Quali competenze desidera ottenere un laico che sceglie di formarsi alla scuola dell’Azione Cattolica? Nel panorama variegato e ricco di proposte che è l’oggi, anche un’associazione che compie 150 anni di vita – per ragioni storiche in molti decenni è stata l’unica forma riconosciuta di educazione dei laici cristiani in seno alla Chiesa – deve essere pronta a dire le sue peculiarità, a offrire i suoi punti di forza per essere riconosciuta e scelta. Non viene meno il sapore vocazionale che la contraddistingue, tant’è che viene condivisa da chi è chiamato a servire la Chiesa e la storia secondo il modo proprio dell’Ac, ma sa di dover raggiungere i cuori su strade nuove, secondo la rinnovata fisionomia di questo tempo storico.
C’è una base comune che rende fratelli tutti i soggetti, personali e collettivi, che nella comunità ecclesiale esprimono la forza della vita credente nei territori della Diocesi e nelle multiformi aggregazioni laicali: l’adesione al Vangelo e l’entusiasmo di condividerlo con tutti, nelle diverse forme suscitate dallo Spirito. Non fa eccezione l’Ac, che promuove cammini spirituali esigenti, l’adesione a una regola di vita, la dignità dell’altro, la centralità del più povero, l’impegno responsabile per il bene di tutti.
E lo specifico? Una prima competenza particolare è la capacità di pensare alla Chiesa nel mondo con uno sguardo critico e consapevole, che sa porsi domande e mettersi in discussione, interrogando gli esperti della teologia, ma mantenendo linguaggio e stile popolari, includendo tutti, ascoltando tutti. C’è il desiderio che i laici cristiani capiscano profondamente la bellezza del modello di Chiesa prospettato nel Concilio Vaticano II, quello che parte dal popolo, nel quale carismi e ministeri interagiscono tra loro per un bene comune e più grande.
Un’altra competenza peculiare è la cura delle connessioni e dei legami tra le persone. In Ac si punta ad accompagnare persone credenti nello scoprire in tutti i contesti della loro vita – pastorali, culturali, civili e politici – una particolare attitudine a porsi “nel mezzo”, a far sì che le persone si parlino e si capiscano, a valorizzare le diversità senza omologarle, a portare le fatiche della comunione e a godere delle gioie che ne derivano.
Terza competenza specifica è l’amore per ciò che è di tutti: quindi il bene della città e del Paese; quindi la comunità credente che è la Chiesa popolare e diffusa della quale tutti possono sentirsi parte; quindi la quotidianità che è fatta di lavoro, scuola, amici, tempo libero, partecipazione sociale e politica, cultura, disagio e benessere, ovvero di tutti gli ambiti di vita non elitari, quelli dove tutti scoprono che il Vangelo è possibile, concreto, vitale.

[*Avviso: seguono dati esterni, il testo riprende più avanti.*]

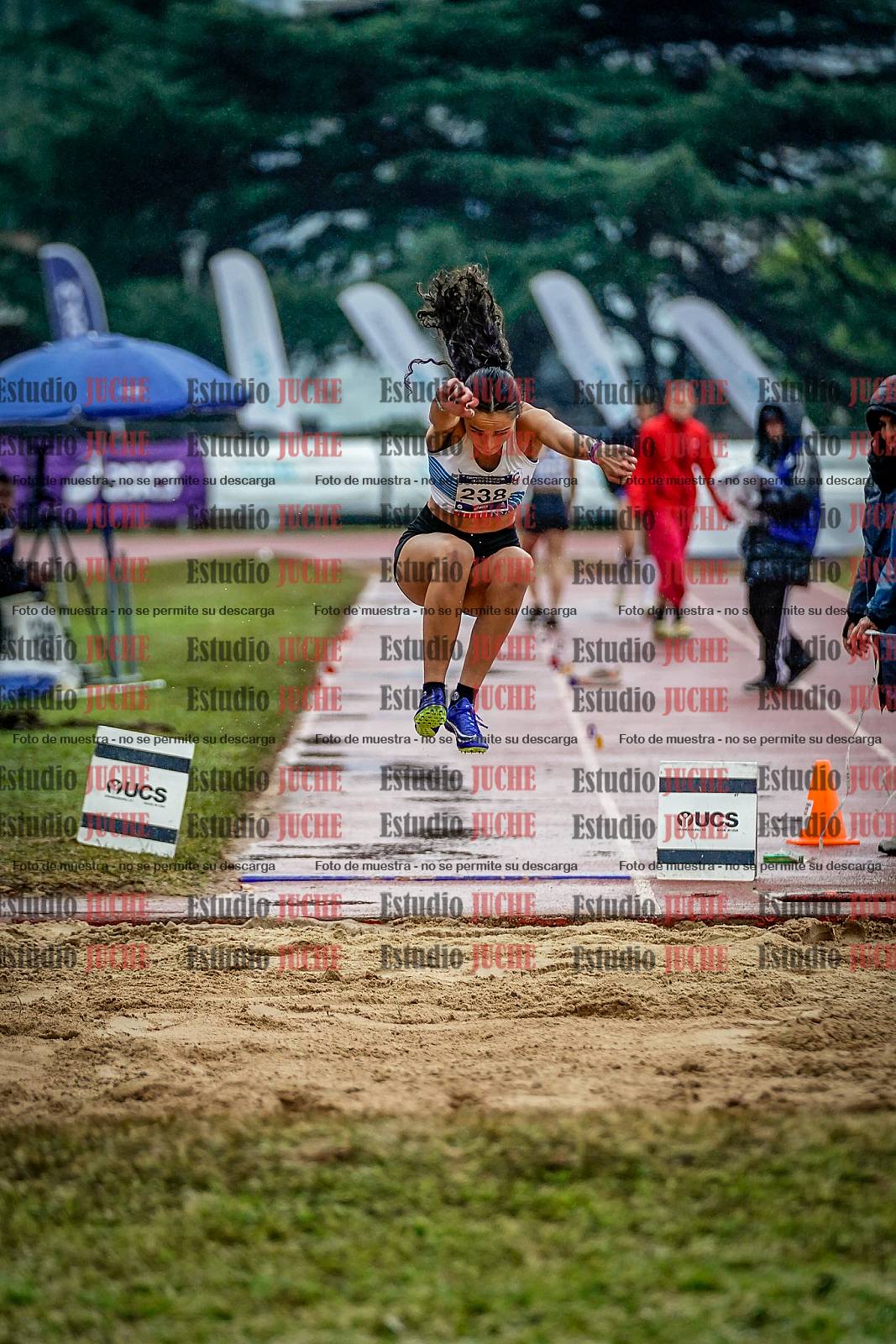 Fotos del salto en largo de mujeres
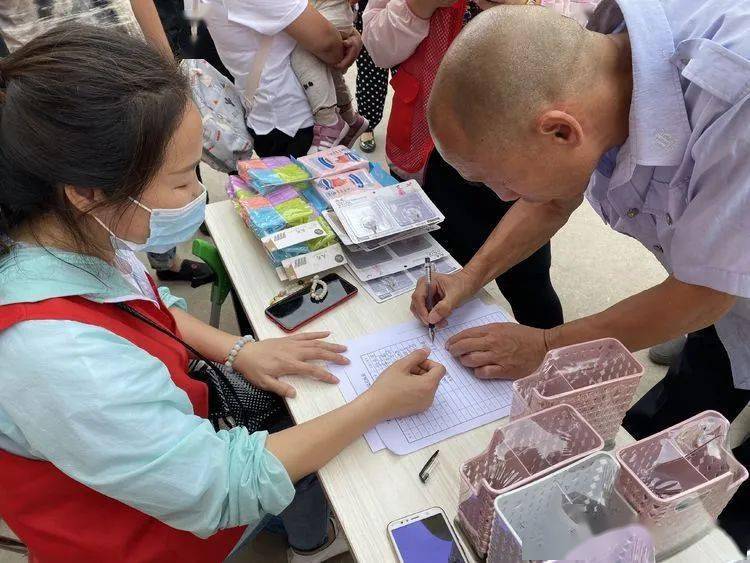 城镇街道两社区发动居民共同参与小区环境治理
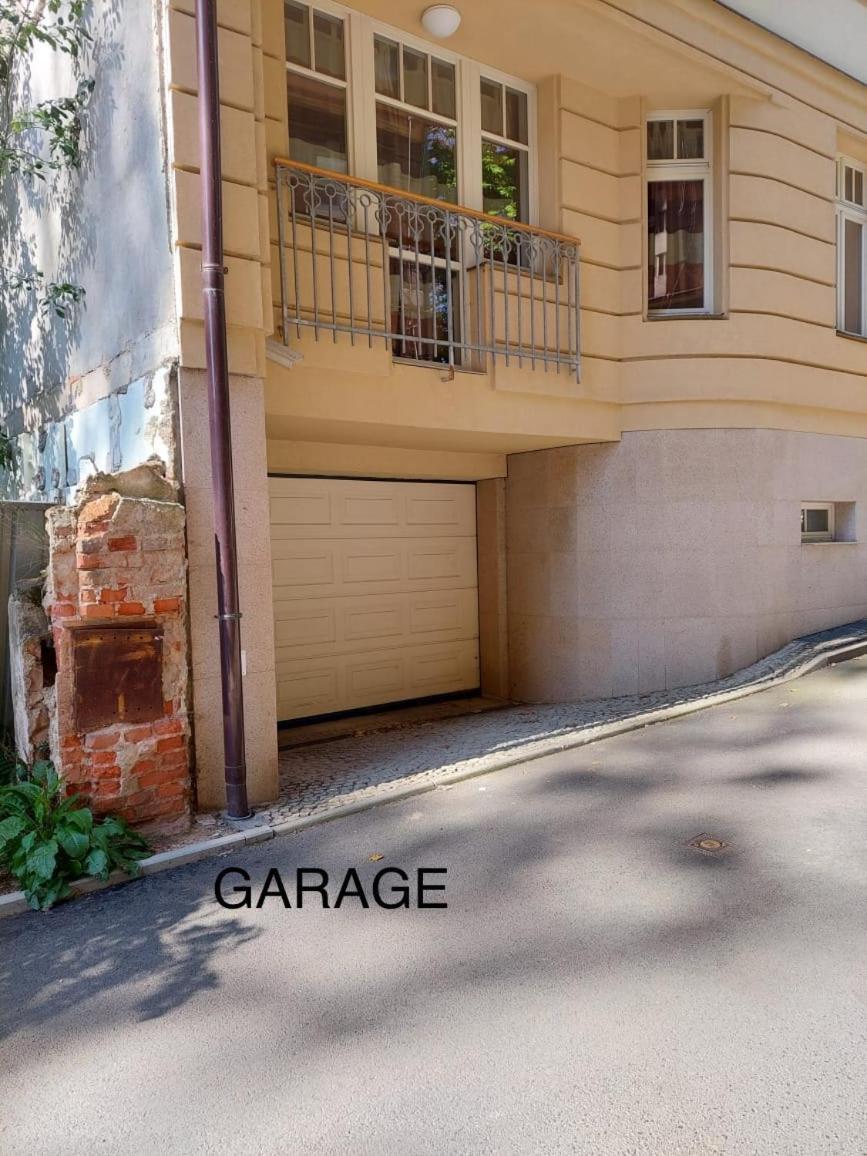 Sunny City - Apartment In Spa Zone With Private Garage カルロヴィ・ヴァリ エクステリア 写真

Una quarta competenza specifica a cui punta nell’oggi la formazione dell’Ac è la capacità di esercitare una sana autonomia laicale, in comunione con i pastori e con tutti gli uomini di buona volontà, ma anche nella piena libertà di pensare progetti nuovi di presenza dell’unica comunità credente che si sviluppino nel caseggiato, negli ambienti di vita, nei luoghi di passaggio dove la gente possa essere invitata a fermarsi per un po’ di silenzio e condivisione.
Vanno riscoperti i progetti che derivano dai bisogni del territorio, che sanno coinvolgere destinatari nuovi e non “i soliti noti molto impegnati”, che sanno esprimere una creatività laicale che non teme la proposta in prima battuta e l’innovazione coraggiosa. Anche oggi non viene meno l’invito ad aderire all’Ac e a lasciarsi appassionare da una vita cristiana di laici che non rinunciano a pensare, capaci di interpretare una Chiesa in uscita che cammina spedita sulle strade del mondo.